Comme presque tous les compositeurs, il rêvait les succès du théâtre, et l’Opéra de Paris l’attirait par-dessus tout. Je vois encore sa joie, quand il m’annonça qu’il avait « une promesse de M. Perrin ». Il ignorait, dans sa loyale franchise, ce qu’en valait l’aune, et il ne m’appartenait pas de l’en instruire. Il alla s’établir dans la banlieue de Paris où il esquissa son Neron qu’il orchestra plus tard à Pétersbourg, et qui fut représenté, traduit en allemand, à Hambourg où cet ouvrage eut une brillante série de représentations.

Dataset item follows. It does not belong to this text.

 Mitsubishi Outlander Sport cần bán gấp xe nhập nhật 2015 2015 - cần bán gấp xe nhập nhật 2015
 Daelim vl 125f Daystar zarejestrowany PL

Les Machabées, après un éclatant triomphe à Berlin, échouèrent à Vienne ; le Démon, dont on connaît à Paris les airs de ballet, a eu du succès en Russie, où plaisait surtout le sujet tiré d’un poème de Pouschkine. Féramors (Lalla-Roukh), la plus précieuse, à mon goût, de cette série d’œuvres théâtrales, a réussi à Dresde et fut jouée dans quelques villes ; main on paraît avoir abandonné cet ouvrage et je ne m’explique pas cette indifférence. Il est vrai que l’auteur du poème n’a pas eu, comme Michel Carré dans la Lalla-Roukh française, l’adresse de resserrer l’action en deux actes : la pièce, en trois actes, paraît languissante. Mais quelle fine couleur orientale, quel parfum capiteux d’essence de rose, quelle fraîcheur dans cette lumineuse partition !

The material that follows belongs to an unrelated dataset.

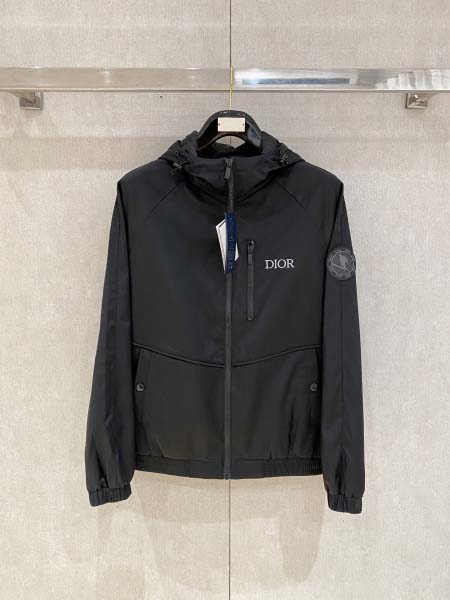 2025年10月21日入荷新作Diorジャケット 秋冬高品質...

Exécute-t-on quelque part le Paradis perdu, œuvre des premières années, que Rubinstein était occupé a terminer quand j’ai eu le bonheur de faire sa connaissance ? Il y a là un combat des anges et des démons, en style fugué, d’une animation et d’une puissance extraordinaires. A citer encore la Tour de Babel, qui a sombré à Paris sous une exécution tellement ridicule que l’auteur lui-même, assistant à ce massacre dans une avant-scène du Théâtre-Italien, ne put s’empêcher de rire en entendant les hurlements désespérés des choristes aux abois. Quelques fragments de l’œuvre avaient surnagé malgré tout et l’on aurait dû essayer, dans de bonnes conditions, une audition présentable de cette originale cantate biblique.

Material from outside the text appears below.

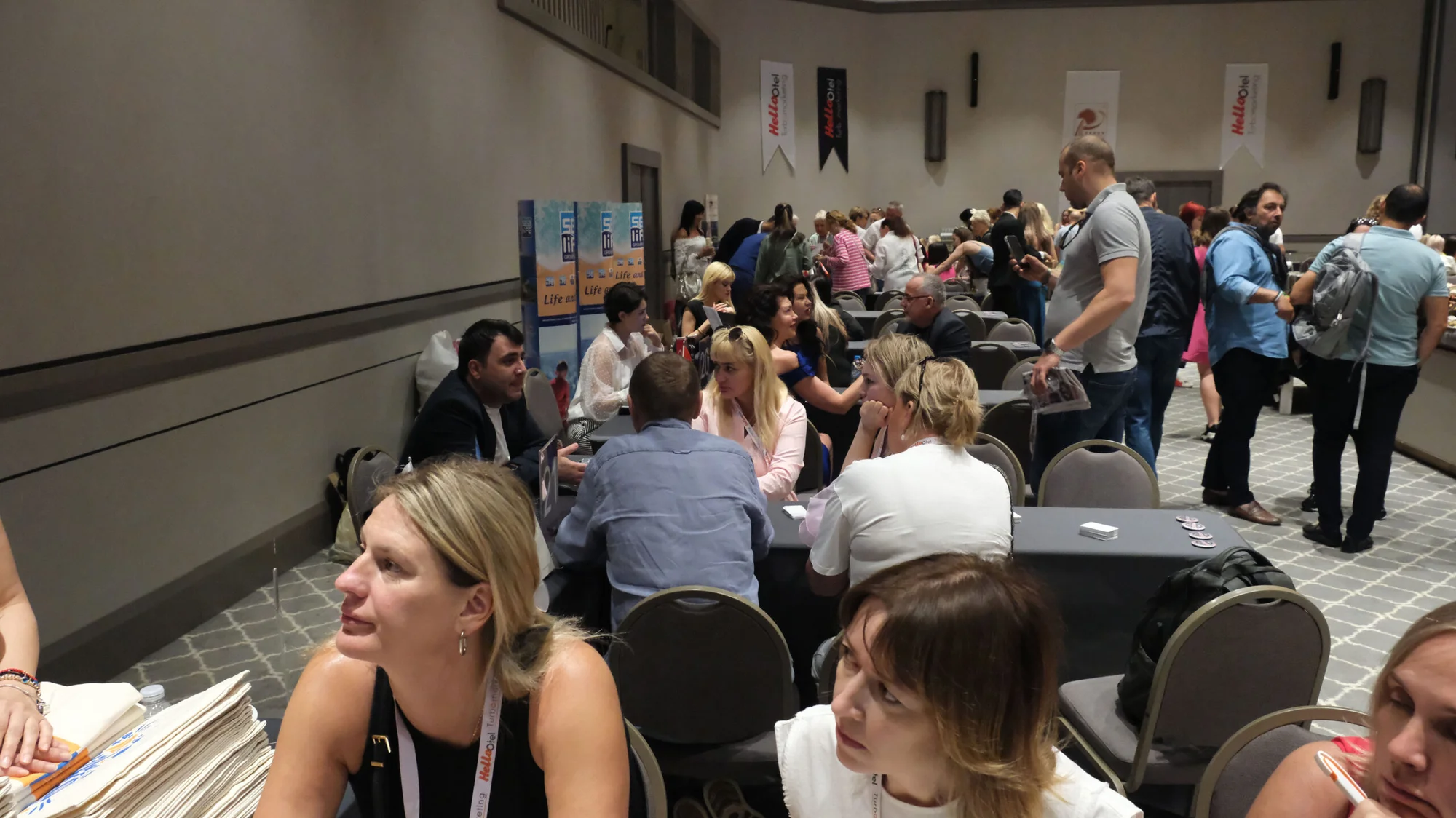 Workshopta bir araya gelen 400 acenteciye Kemer tanıtıldı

Rubinstein est mort confiant dans l’avenir, persuadé que le temps lui assignerait sa vraie place et que cette place serait belle. Laissons faire au temps. Les générations prochaines, ayant perdu le souvenir du pianiste écrasant et fulgurant, seront peutêtre mieux placées que la nôtre pour apprécier cette masse d’œuvres si diverses et cependant marquées d’une même empreinte, sorties d’un puissant cerveau. Tant d’abondance, tant de largeur dans le parti pris, de grandeur dans la conception ne se trouvent pas à tous les coins de rue ; et quand la mode des modulations à outrance sera passée, quand on sera las de chatoiements et de complications, qui sait si l’on ne sera pas heureux de retrouver la symphonie Océan, avec ses fortes brises vivifiantes et ses vagues gigantesques comme celles du Pacifique ? Après s’être débattu dans les lianes de la forêt vierge et avoir respiré jusqu’à l’enivrement les parfums de la flore tropicale, qui sait si l’on ne voudra pas ouvrir ses poumons a l’air pur du steppe, se reposer l’œil sur ses horizons sans limite ? Ceux qui vivront verront. En attendant, j’ai cherché à rendre hommage au grand artiste dont je m’honore d’avoir été l’ami, et à qui je serai, jusqu’à mon dernier jour, reconnaissant des marques de sympathie et des intenses joies artistiques qu’il m’a données.